■ **Data provided**:
== Segment start ==
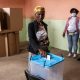 Una mujer emite su voto en la capital de Angola, Luanda. Foto: DW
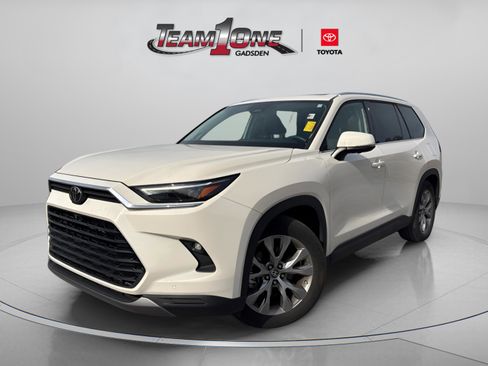 Used 2024 Toyota Grand Highlander Limited image 5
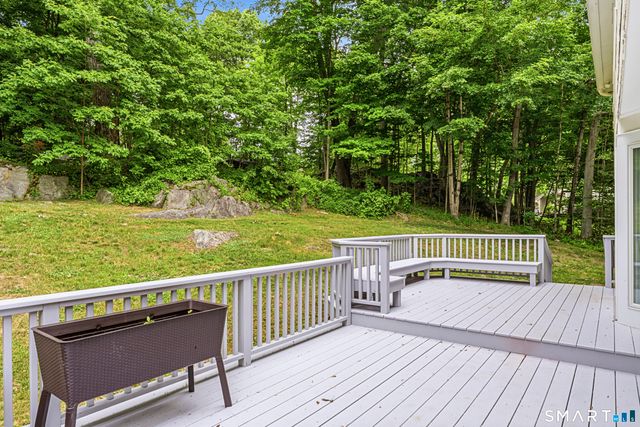 11 Hunt Lane, Weston, CT 06883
== Segment end ==
■ **Work to be completed**:
Without the pictures, return the whole of the data exactly as given.

■ **Your solution**:
 Una mujer emite su voto en la capital de Angola, Luanda. Foto: DW
 Used 2024 Toyota Grand Highlander Limited image 5
 11 Hunt Lane, Weston, CT 06883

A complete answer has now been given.